■ **ACTIVITY**:
All lines from the one bearing "Bathroom Cabinet Set" through the end of the data below must be printed exactly as they stand, with pictures removed.

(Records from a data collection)

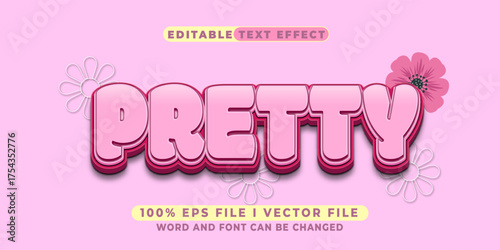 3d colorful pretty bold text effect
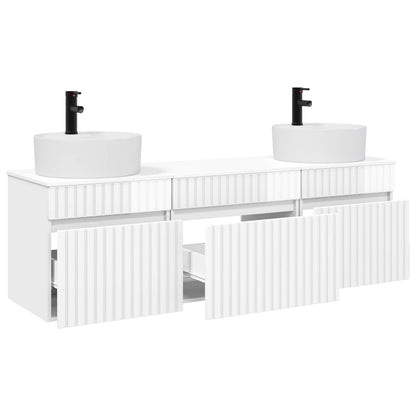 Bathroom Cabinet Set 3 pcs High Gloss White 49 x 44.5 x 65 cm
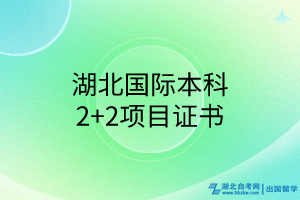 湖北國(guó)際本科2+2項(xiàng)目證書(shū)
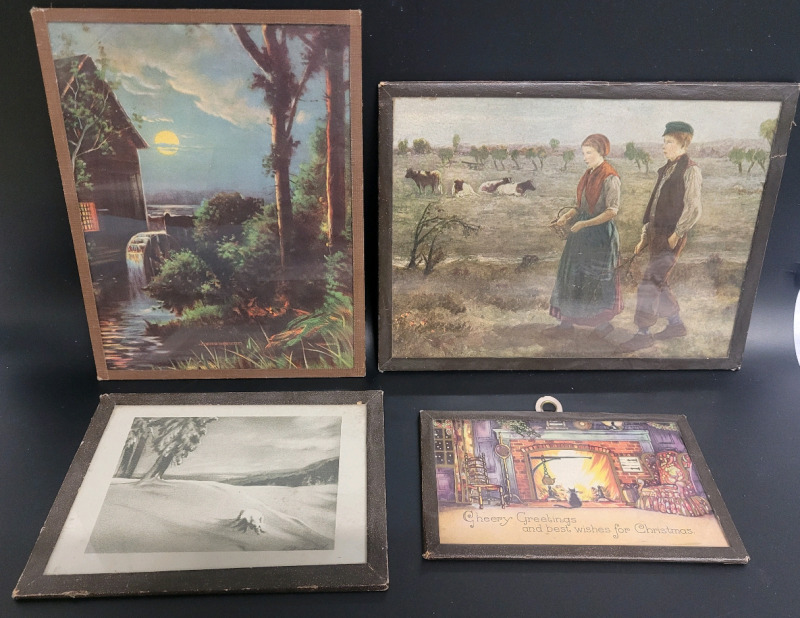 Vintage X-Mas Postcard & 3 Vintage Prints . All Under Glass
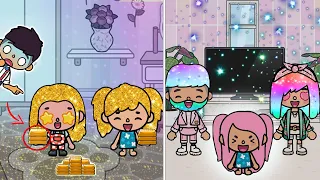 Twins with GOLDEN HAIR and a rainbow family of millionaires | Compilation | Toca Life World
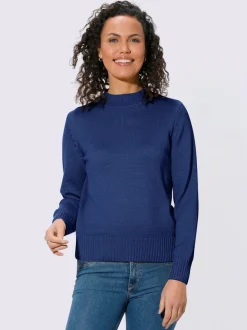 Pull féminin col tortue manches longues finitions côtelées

■ **RESULT**:
 Bathroom Cabinet Set 3 pcs High Gloss White 49 x 44.5 x 65 cm
 湖北國(guó)際本科2+2項(xiàng)目證書(shū)
 Vintage X-Mas Postcard & 3 Vintage Prints . All Under Glass
 Twins with GOLDEN HAIR and a rainbow family of millionaires | Compilation | Toca Life World
 Pull féminin col tortue manches longues finitions côtelées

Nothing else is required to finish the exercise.